Could you repeat the entries below exactly, but only from the line with "Ensemble d'accessoires pour" through the line with "Rattan In Black", and without any picture?

▶ [Dataset]:

....

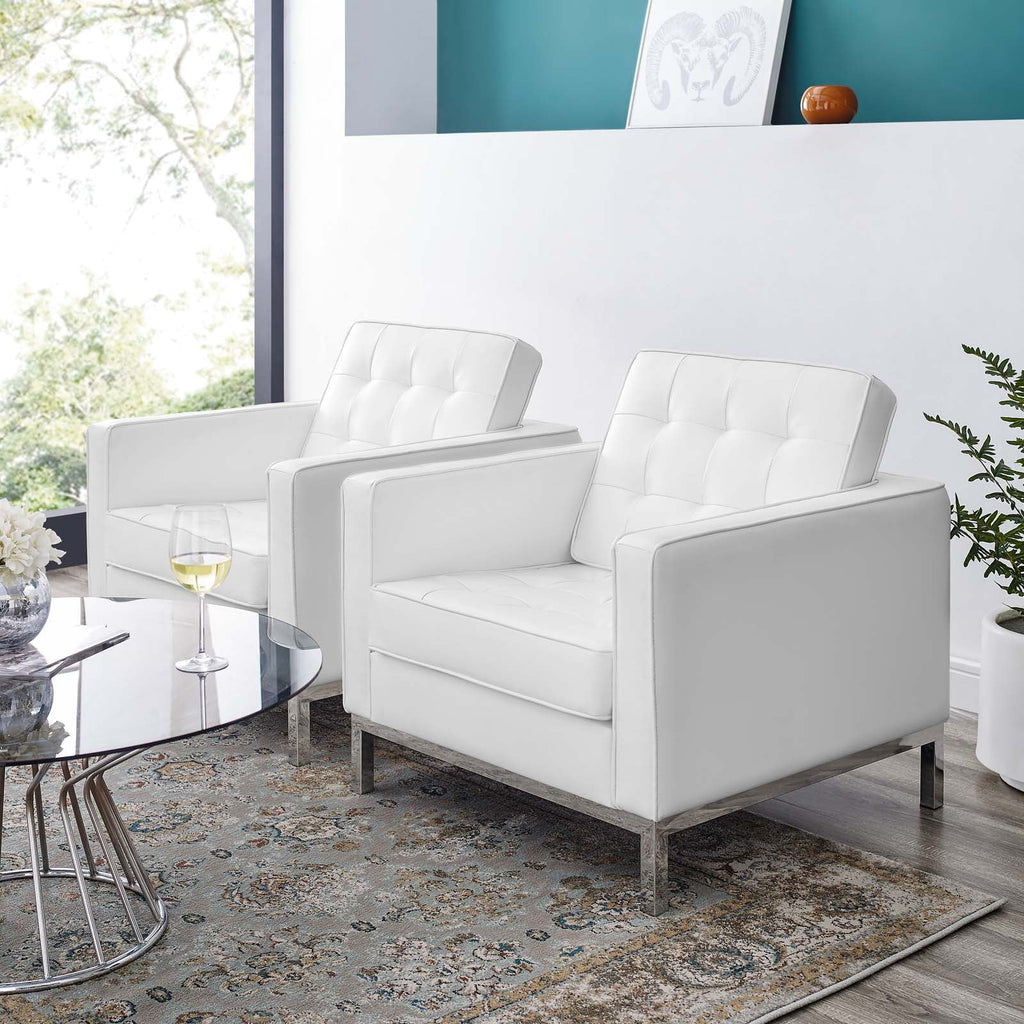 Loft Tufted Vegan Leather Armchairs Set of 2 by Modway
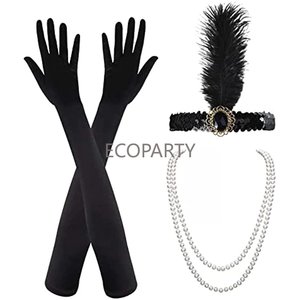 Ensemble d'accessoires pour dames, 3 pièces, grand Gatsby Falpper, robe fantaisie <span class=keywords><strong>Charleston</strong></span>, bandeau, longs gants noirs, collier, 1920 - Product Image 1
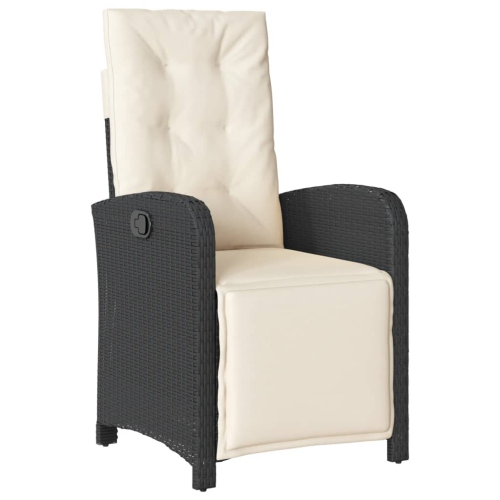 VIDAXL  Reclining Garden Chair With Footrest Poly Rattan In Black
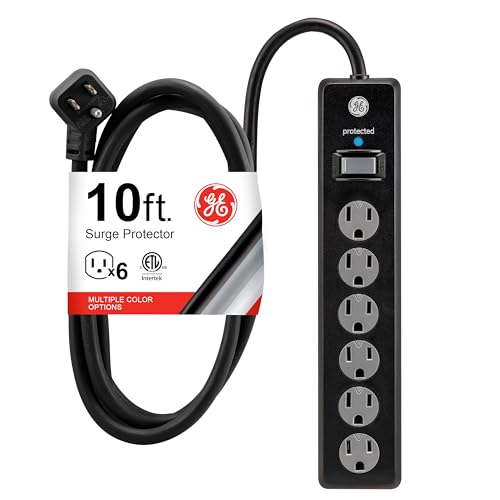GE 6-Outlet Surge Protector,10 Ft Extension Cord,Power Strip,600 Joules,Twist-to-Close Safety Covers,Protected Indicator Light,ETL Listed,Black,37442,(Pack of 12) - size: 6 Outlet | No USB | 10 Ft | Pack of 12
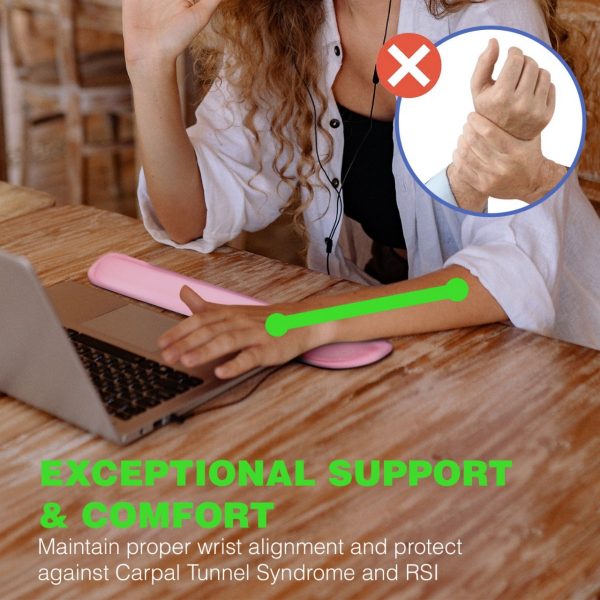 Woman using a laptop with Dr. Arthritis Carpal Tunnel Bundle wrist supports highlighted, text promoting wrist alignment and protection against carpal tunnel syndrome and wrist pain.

....

▶ [Result]:
 Ensemble d'accessoires pour dames, 3 pièces, grand Gatsby Falpper, robe fantaisie <span class=keywords><strong>Charleston</strong></span>, bandeau, longs gants noirs, collier, 1920 - Product Image 1
 VIDAXL  Reclining Garden Chair With Footrest Poly Rattan In Black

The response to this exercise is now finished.